In the beginning, it was stated that redirects passed the same level of PageRank as a standard link. Nevertheless, this process eventually underwent a change, and as of now, no PageRank is lost through redirects.
There are still aspects that are not fully understood.
When pages are designated as “noindex,” the precise manner in which Google manages the associated links remains ambiguous, and there is conflicting information, even among Google’s own representatives.
As per John Mueller’s guidance, pages bearing the “noindex” tag will eventually be considered as “noindex, nofollow,” leading to the eventual halt of value transfer through their links.
These statements, while not in direct opposition, indicate that, according to Gary, Google’s continuous crawling and link counting could endure for a considerable duration, potentially extending indefinitely.
Is there still a way to check your PageRank status?
Access to Google’s PageRank data is not currently an option.
URL Rating (UR) emerges as a suitable replacement metric for PageRank due to its resemblance to the PageRank algorithm. UR assesses the potency of a webpage’s link profile using a 100-point scale, where a higher numerical value indicates a more robust link profile.

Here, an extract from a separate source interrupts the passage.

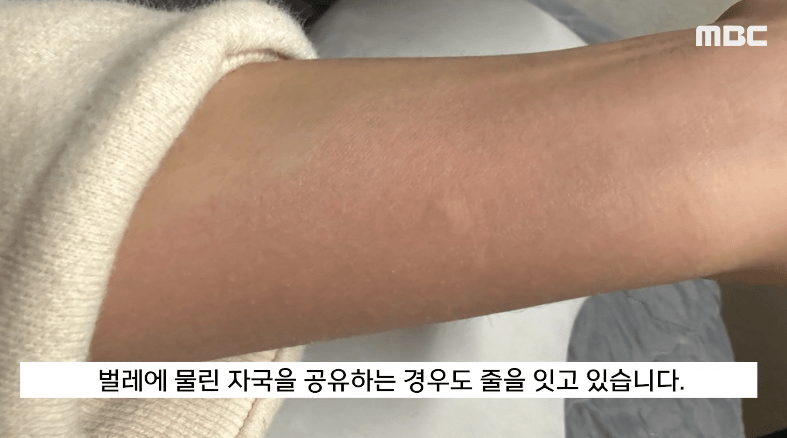 被叮咬后皮膚變得紅腫（影片截圖：MBC）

PageRank and UR are metrics that incorporate both internal and external links when determining a webpage’s strength. In contrast, many other widely-used industry metrics ignore internal links entirely. My assertion is that link builders should place greater importance on UR as opposed to metrics such as DR, which exclusively take into account links from external sources.
Nonetheless, it’s worth noting that UR doesn’t replicate the exact behavior of PageRank. URL overlooks certain links and excludes those marked as nofollow.The precise links that Google excludes and the influence of user-initiated link disavowals on PageRank calculations remain unknown. Additionally, our approach to handling canonicalization signals, such as canonical link elements and redirects, may lead to different outcomes.
It’s advisable to incorporate UR into your analysis, with the awareness that it might not replicate Google’s system in every detail.
What steps can you take to boost your PageRank?
Since PageRank’s foundation lies in links, the key to elevating your PageRank lies in acquiring improved links. Let’s delve into the available possibilities.
1. Implement redirects for pages that are broken
Redirecting obsolete pages on your website to relevant new pages can help recapture and consolidate important signals like PageRank.Websites undergo changes over time, and it’s apparent that many neglect to implement proper redirects. This strategy might offer the most straightforward improvement, considering these links already point to your site but presently don’t contribute to its impact.
Here’s a method to identify these prospects:
- Insert your domain into Site Explorer (also accessible at no cost within Ahrefs Webmaster Tools).
- Proceed to the Best by links report.
- Implement a filter for HTTP responses that indicate “404 not found.”
2. Internal Links
Backlinks are not consistently manageable. Visitors have the liberty to link to any page on your site and utilize their preferred anchor text as they see fit.
When it comes to internal links, you wield absolute control.
Apply internal linking where it serves a purpose. For example, consider increasing the number of links to pages that carry higher importance for your goals.
3. External Links
You also have the option of obtaining additional links from other websites to boost your PageRank.
Google’s ongoing utilization of links and PageRank is unmistakable, even in the face of PageRank’s transformation.Although we may not have comprehensive insight into all the underlying details, the impact of links remains readily observable. Additionally, Google once experimented with the idea of excluding links from its algorithm but opted not to pursue that course.
About the Author
My name’s Semil Shah, and I pride myself on being the last digital marketer that you’ll ever need. Having worked internationally across agile and disruptive teams from San Fransico to London, I can help you take what you are doing in digital to a whole next level.